Nahcotta resident Dick Sheldon read a letter aloud during the public comment of the PUD No. 2 board meeting, saying concerned ratepayers have retained an attorney with the law firm of Harrison-Benis of Seattle.

“We don’t consider this matter over or finished at all,” he said. “We hope you’ll get more in tune with the needs of this project and develop them better so that everybody can understand them.”

The dispute concerns the PUD’s plan to extend electric service to Tokeland, North Cove and Grayland. Sheldon and several others have spoke out against the plan because of estimated costs and other concerns.

For the birds

Terry Larson said he felt compelled to attend every PUD meeting to speak up for Tokeland. He said he reads the papers and sees the same people speaking against the extension project.
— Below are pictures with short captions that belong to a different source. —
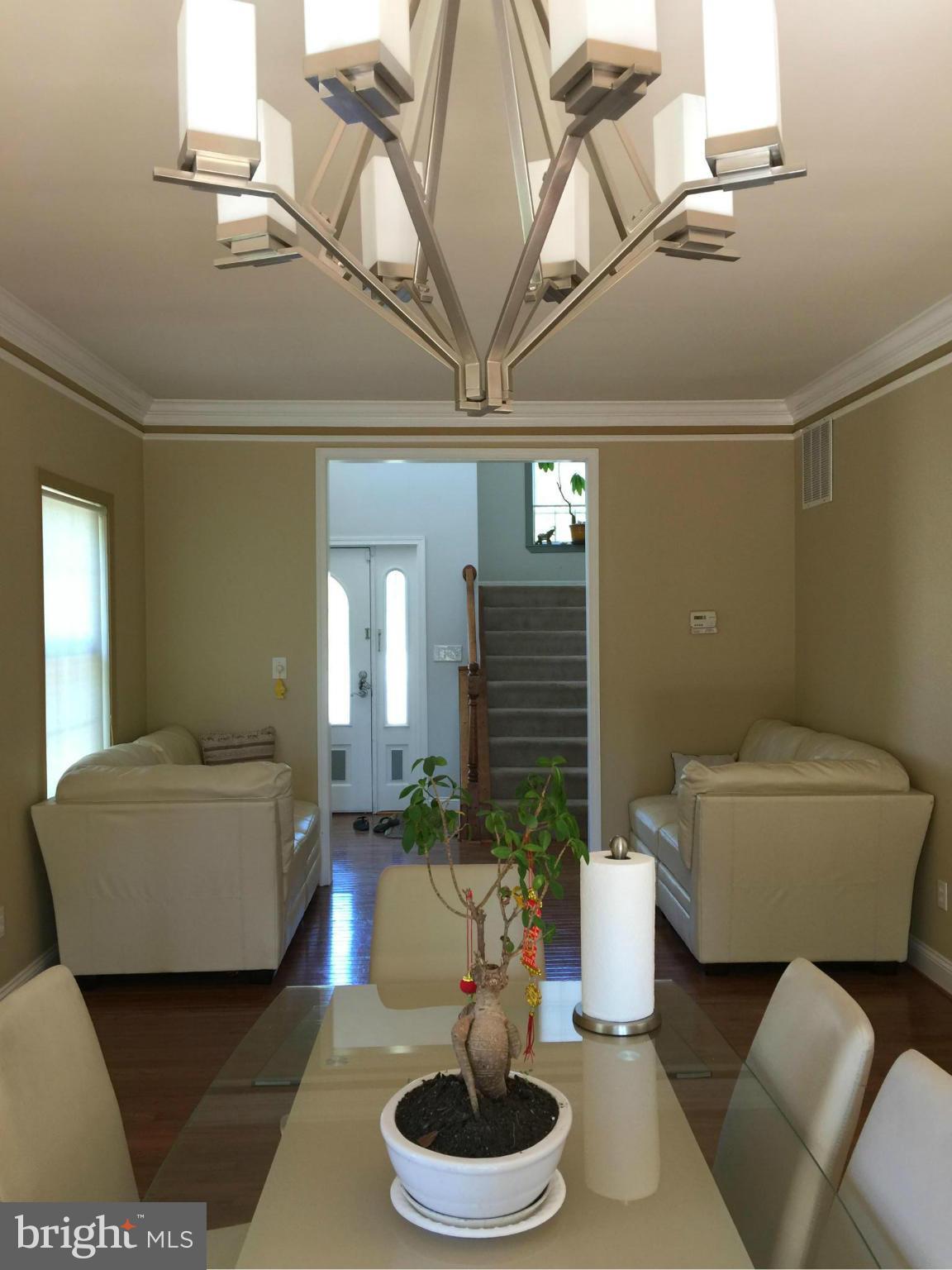 2807 Hillsdale Road Baltimore, MD 21207 - Photo 14 of 26 Dining Room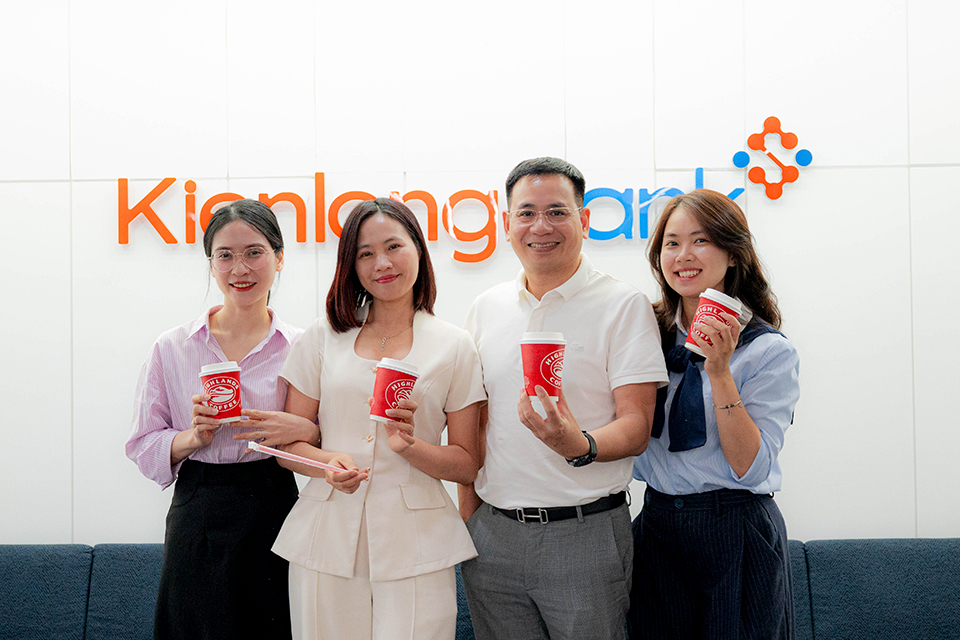 kienlongbank-bua-com-cong-doan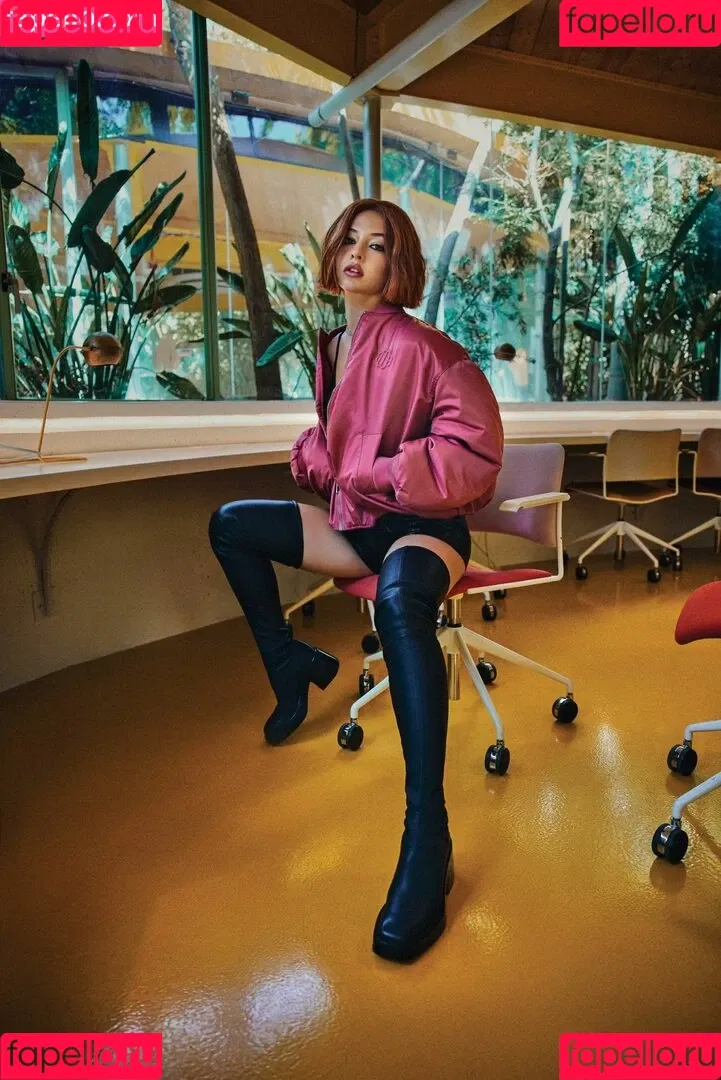 Madelyn Cline / madelyncline Onlyfans Photo Gallery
“I look and it’s still the same naysayers that pound Tokeland (and say) how we have electricity,” he said. “Well, all we’re asking for is some reliable electricity. We didn’t have it last night. The cannery (Nelson Crab) was shut down. All lines, until noon today when the (Grays Harbor) PUD finally showed up and got a bird out of the wiring that had stopped the electricity on the whole point.”

Larson’s wife, Vickie, said power problems are frequent. Nelson Crab, which employs as many as 120 workers, had serious problems on Sept. 22 also, she said. The power didn’t go all the way out.

It was a problem with the three-phase system, she continued. Grays Harbor PUD said it would take hours to get there. When plant workers checked outside, they saw one of the three-phase wires hanging loose across the street.

“People are sick and tired of this,” she said. “When we the people of Tokeland aren’t at these meetings, we’re getting trashed by people who don’t give a hoot about us.”

For the Larsons, the extension can’t come soon enough.

“Can you come this year; like now?” Vickie Larson asked.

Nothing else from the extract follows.